Short descriptive text snippets:
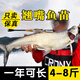 榮郁優(yōu)質(zhì)翹嘴魚(yú)苗路亞魚(yú)白刁魚(yú)苗紅鲌魚(yú)淡水養殖活體大翹殼大品種包活 翹嘴魚(yú)2-3厘米100條多發(fā)20%防損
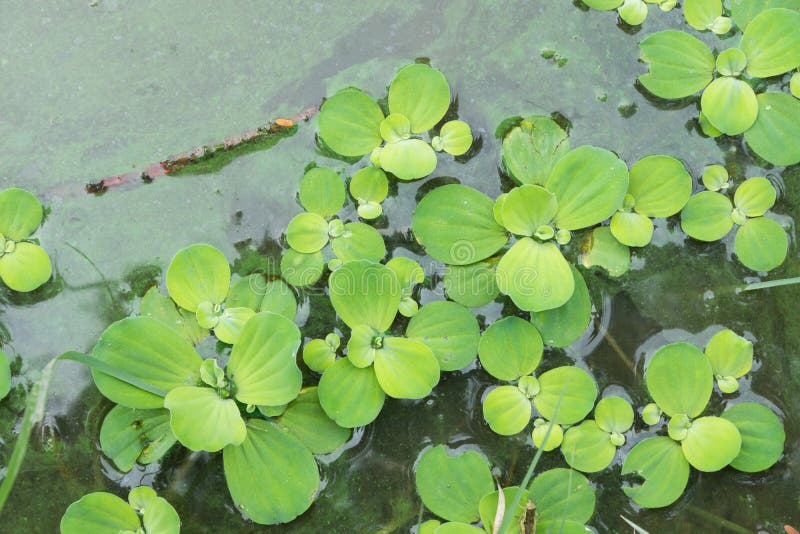 Water hyacinth in pond stock photo. Image of flora, closeup 79385040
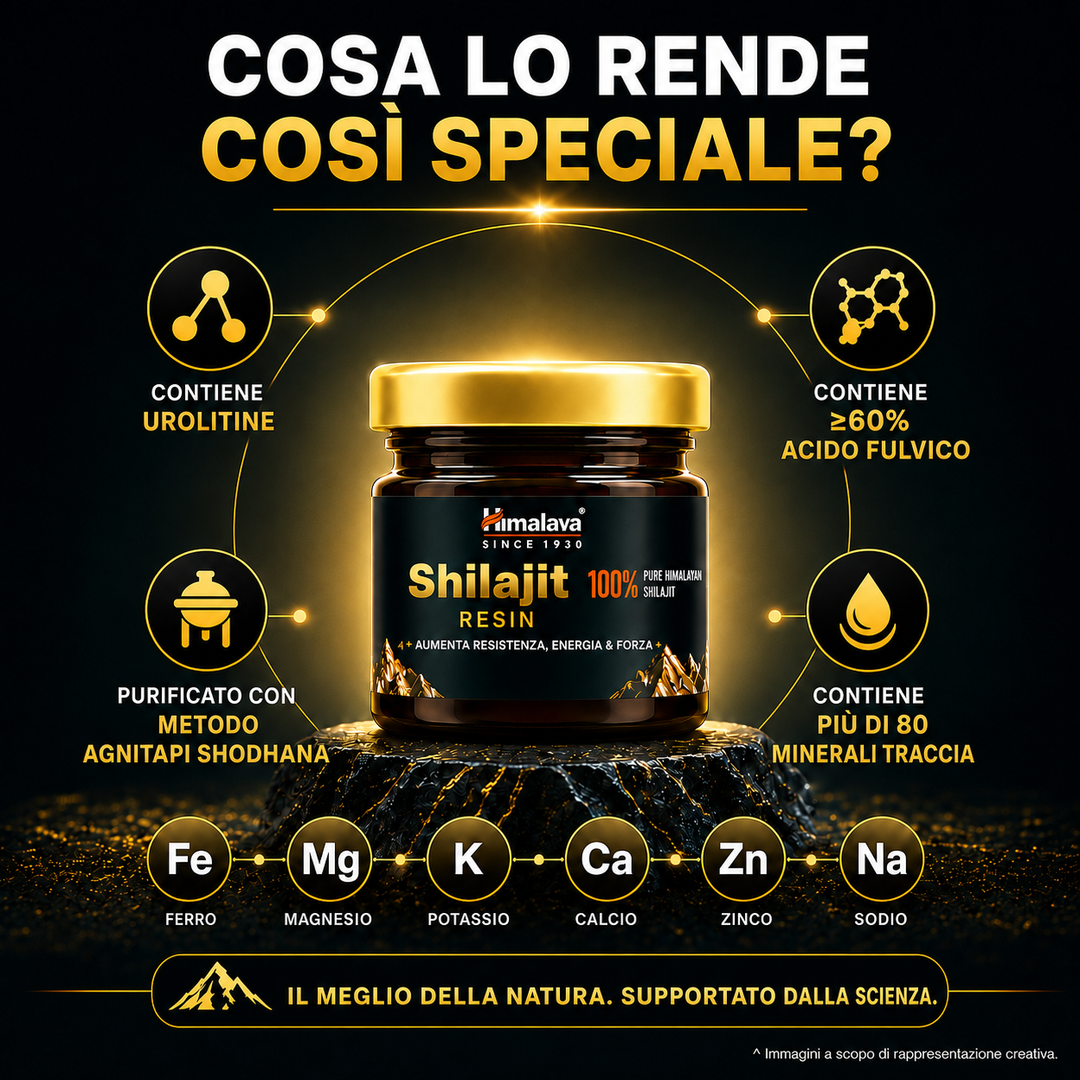 Himalaya SHILAJIT RESIN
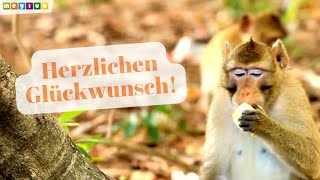 Herzlichen Glückwunsch zum Geburtstag 🎂  Tierische Geburtstagsgrüße für dich 🎵 [upl. by Ebaj]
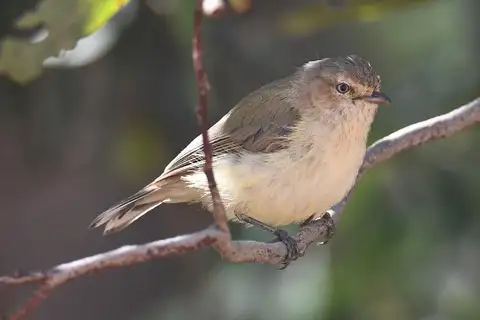 Weebill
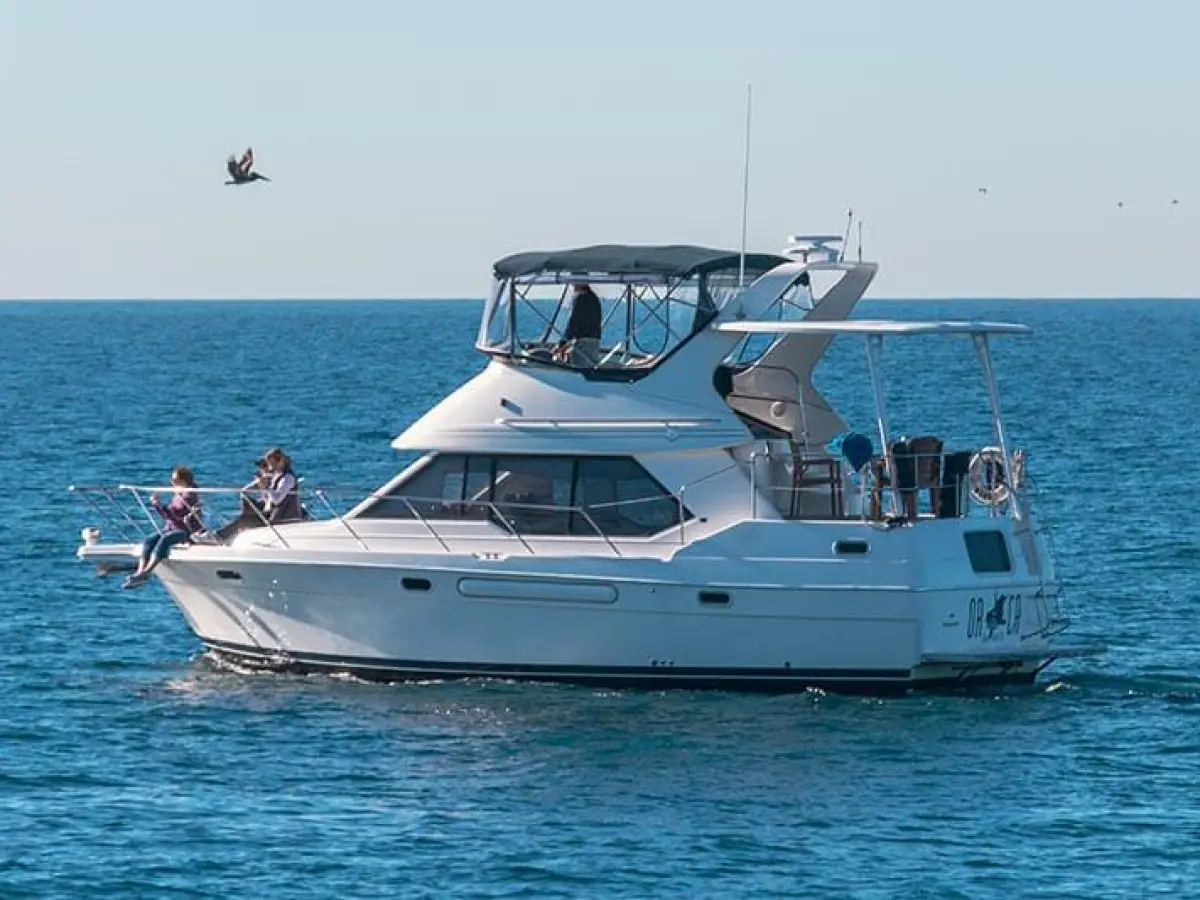 Whale watchers having fun on Motor Yacht ORCA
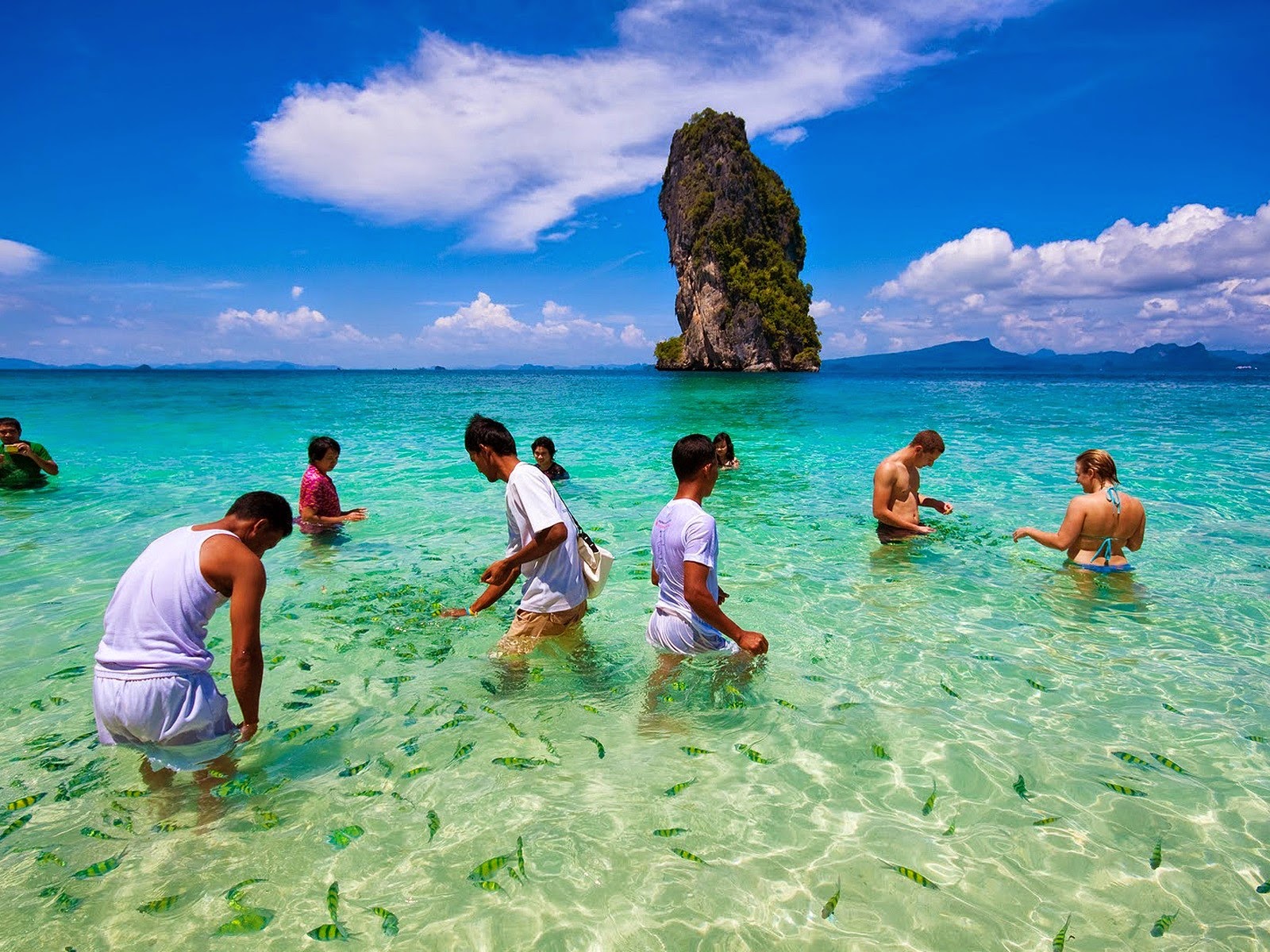 Таиланд море. Краби остров в Тайланде. Тайланд туристы. Остров Тачай в Тайланде. Пхукет Таиланд 2022.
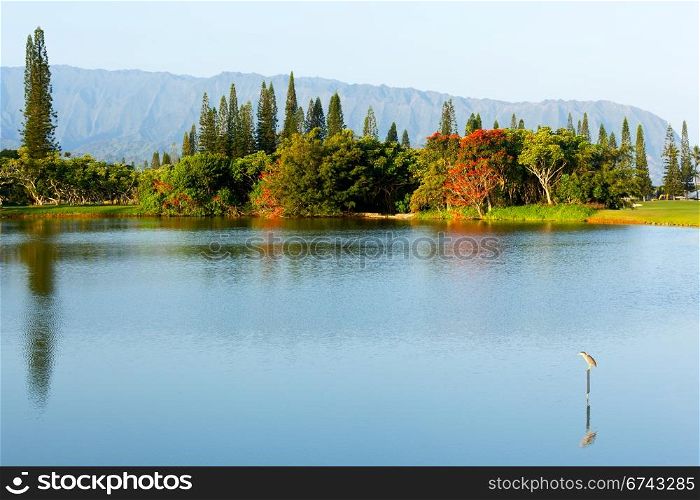 Ridges of the Na Pali mountains from Princeville in Kauai with lake, bird and flowering trees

What the task asks >> Return exactly, and only, the lines that run from the line containing "Water hyacinth in" to the last line of the entries above, both ends included, with pictures left out.

Solution >>
 Water hyacinth in pond stock photo. Image of flora, closeup 79385040
 Himalaya SHILAJIT RESIN
 Herzlichen Glückwunsch zum Geburtstag 🎂  Tierische Geburtstagsgrüße für dich 🎵 [upl. by Ebaj]
 Weebill
 Whale watchers having fun on Motor Yacht ORCA
 Таиланд море. Краби остров в Тайланде. Тайланд туристы. Остров Тачай в Тайланде. Пхукет Таиланд 2022.
 Ridges of the Na Pali mountains from Princeville in Kauai with lake, bird and flowering trees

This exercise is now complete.